• **DESCRIPTION OF THE TASK**
Pictures do not belong in the copy. Write out exactly the lines from the one containing "Pachirisu – Holo" through the end of the data.

• **GIVEN DATA**
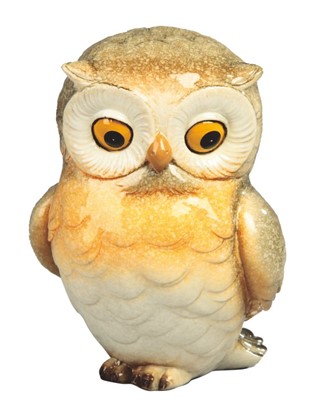 Owl | GSC Imports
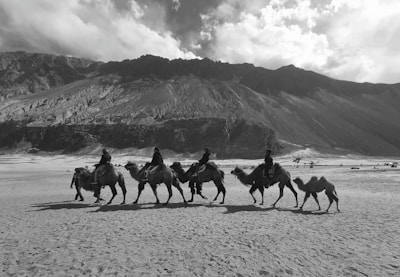 Ancient silk road caravan crossing a mountain pass at sunset.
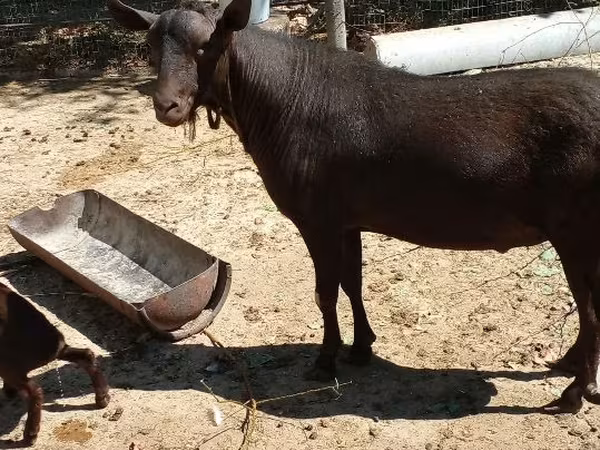 Jarac, Murcia-Granada goats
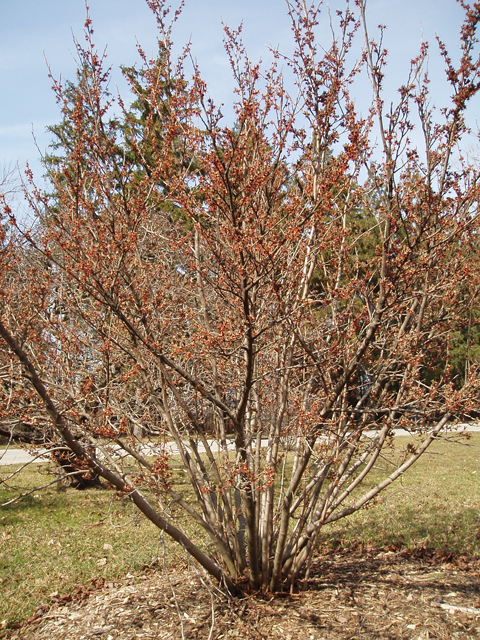 Hamamelis vernalis (Ozark witch-hazel) #30312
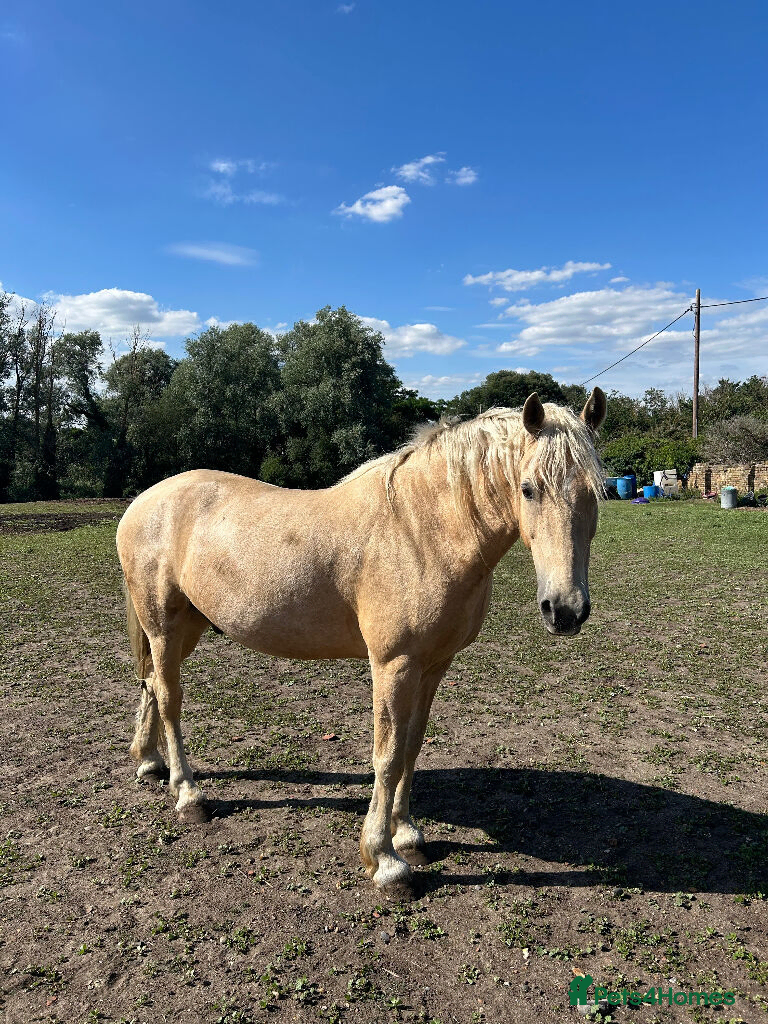 British Warmblood horses 9yr old warmblood x con palomino gelding - Advert 1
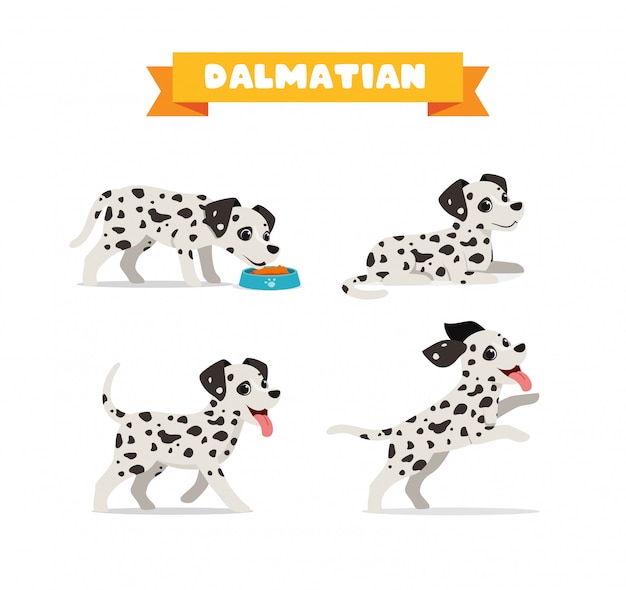 Download Premium Vector Cute Dalmatian Dog Animal Pet With Many Pose Bundle Set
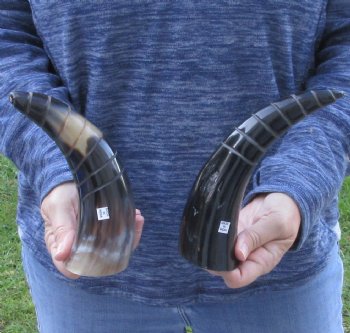 2 Polished Spiral Carved Cattle/Cow Horns - $25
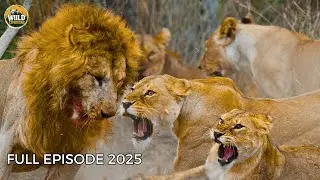 NGORONGORO CRATER | When Predators Become Prey – The Dark Side of the Wild!| Animal documentary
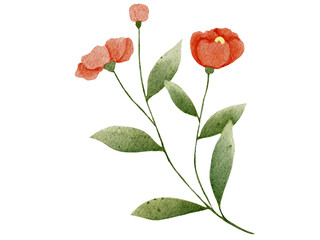 red rose isolated on white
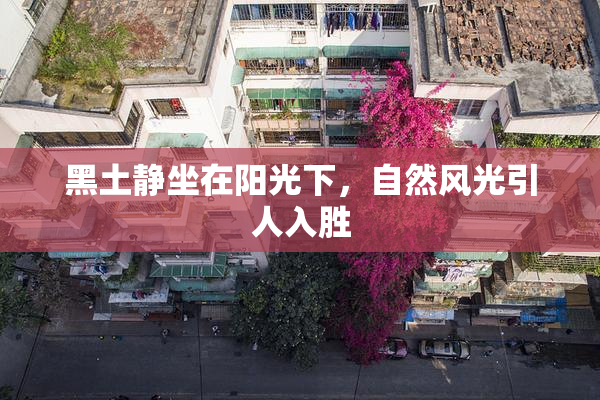 黑土静坐在阳光下，自然风光引人入胜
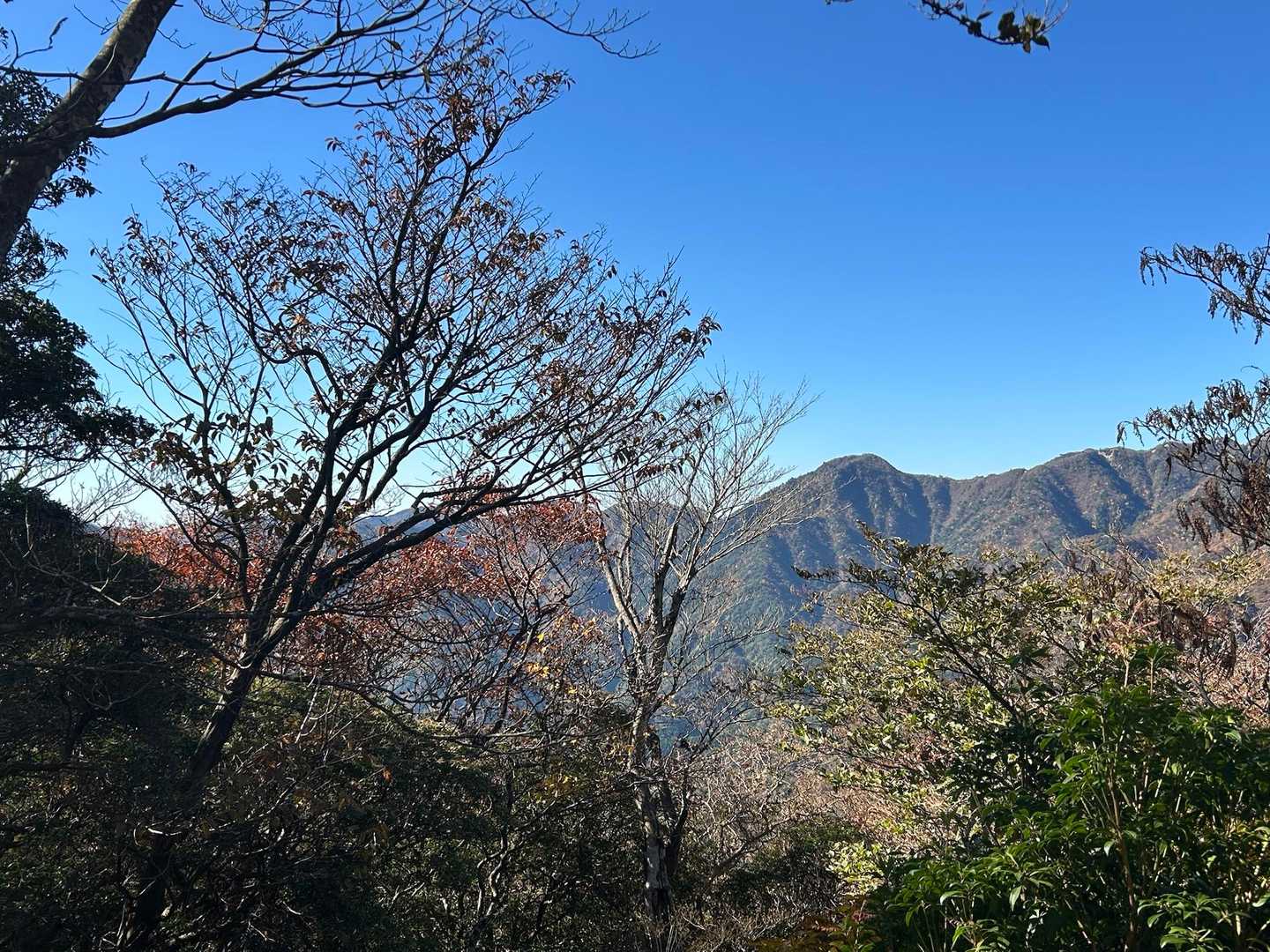 ズズっと南下入道から 水沢岳
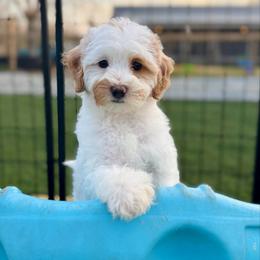 Confetti - Parti female Goldendoodle puppy in Rose Hill, North Carolina from Red Door Canines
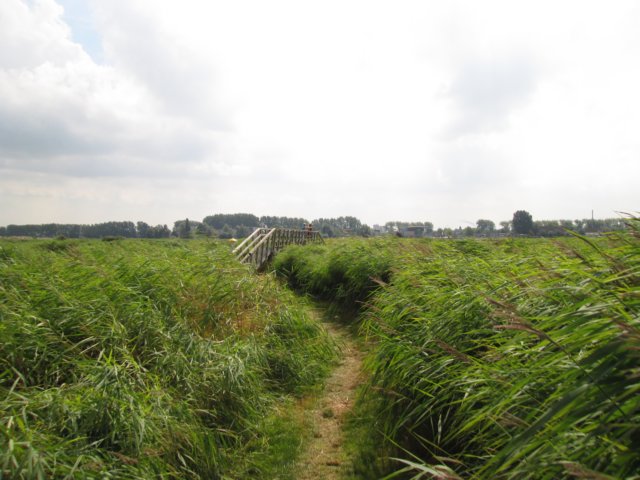 img_3781.jpg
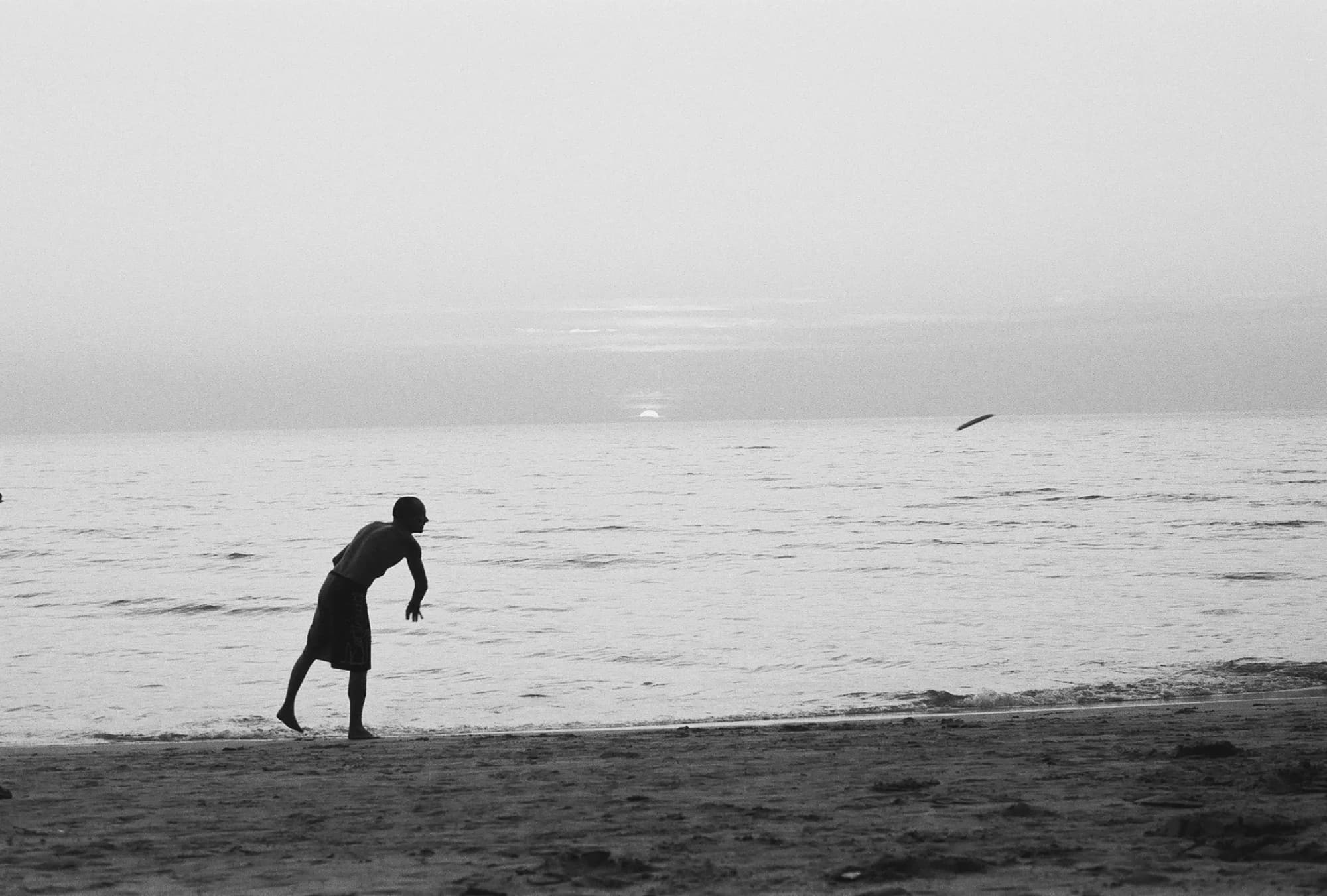 Portfolio Image 10020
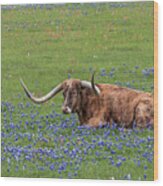 Texas Longhorn And Bluebonnets Wood Print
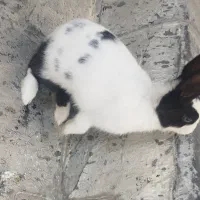 خرگوش|موش و خرگوش|ورامین, ورامین|دیوار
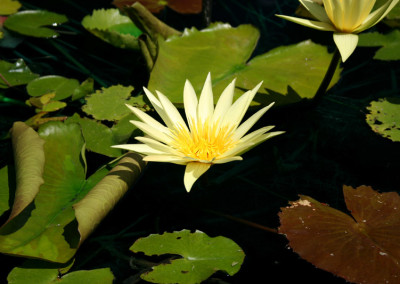 Nymphaea ‘St. Louis Gold’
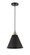 Edison One Light Mini Pendant in Black Antique Brass (405|616-1P-BAB-MBC-12-BK)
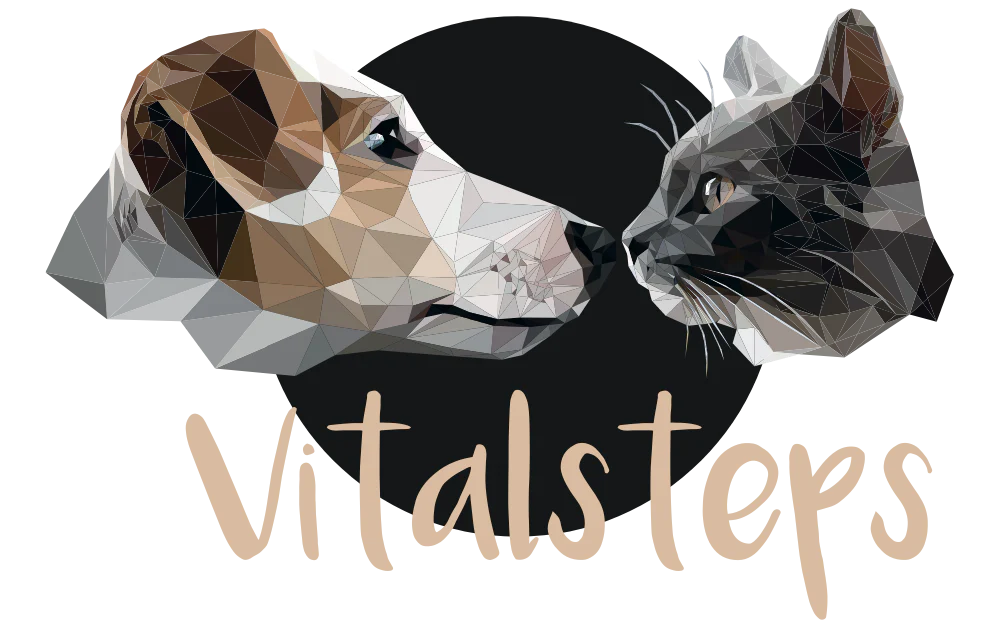 Logo VitalSteps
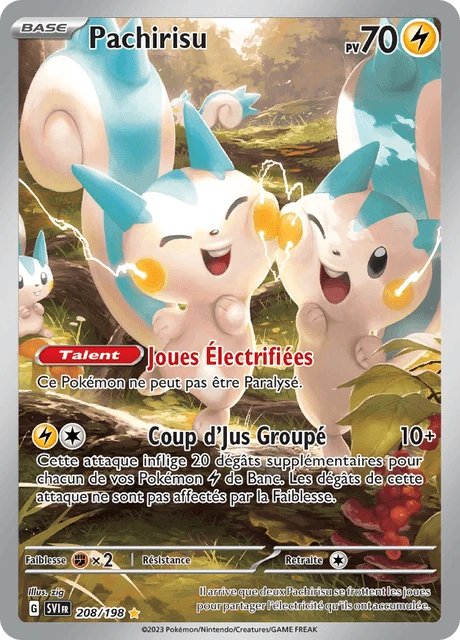 Pachirisu – Holo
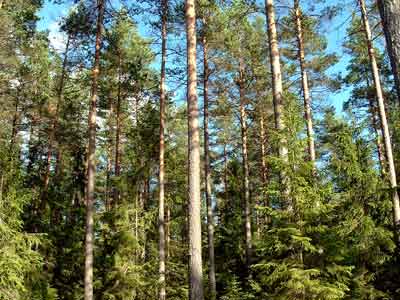 Scots Pine forest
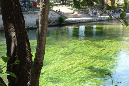 Luberon_fin-mai_2015_24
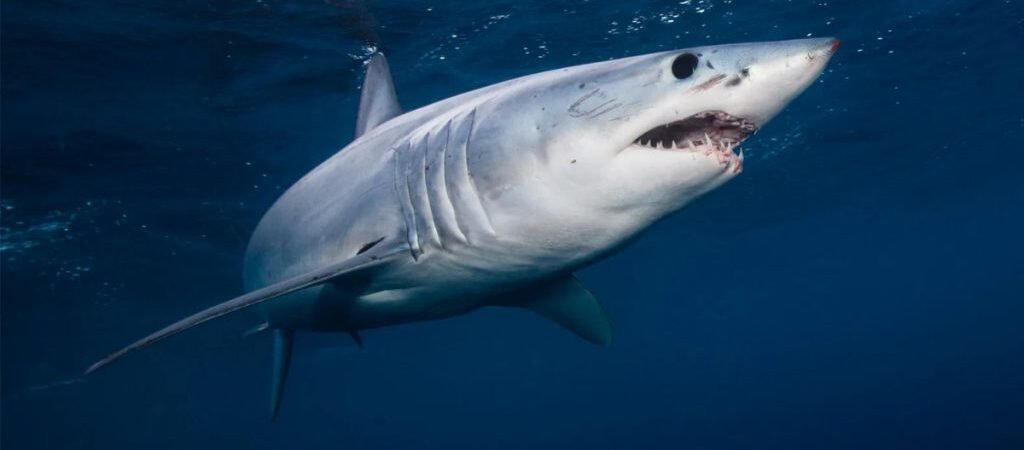 Ola de calor marina en EEUU acerca tiburones a playas, alertan expertos Ola de calor marina en EEUU acerca tiburones a playas, alertan expertos
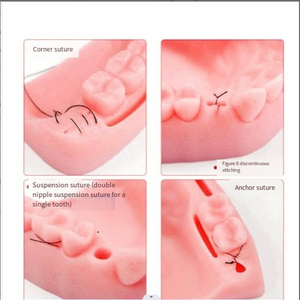 Modelo de Simulación de Entrenamiento Quirúrgico Dental, Almohadilla de Sutura Dental con Dientes, Kit de Sutura Dental Médico de Alta Calidad - Product Image 2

• **RESULT OF THIS EXERCISE**
 Pachirisu – Holo
 Scots Pine forest
 Luberon_fin-mai_2015_24
 Ola de calor marina en EEUU acerca tiburones a playas, alertan expertos Ola de calor marina en EEUU acerca tiburones a playas, alertan expertos
 Modelo de Simulación de Entrenamiento Quirúrgico Dental, Almohadilla de Sutura Dental con Dientes, Kit de Sutura Dental Médico de Alta Calidad - Product Image 2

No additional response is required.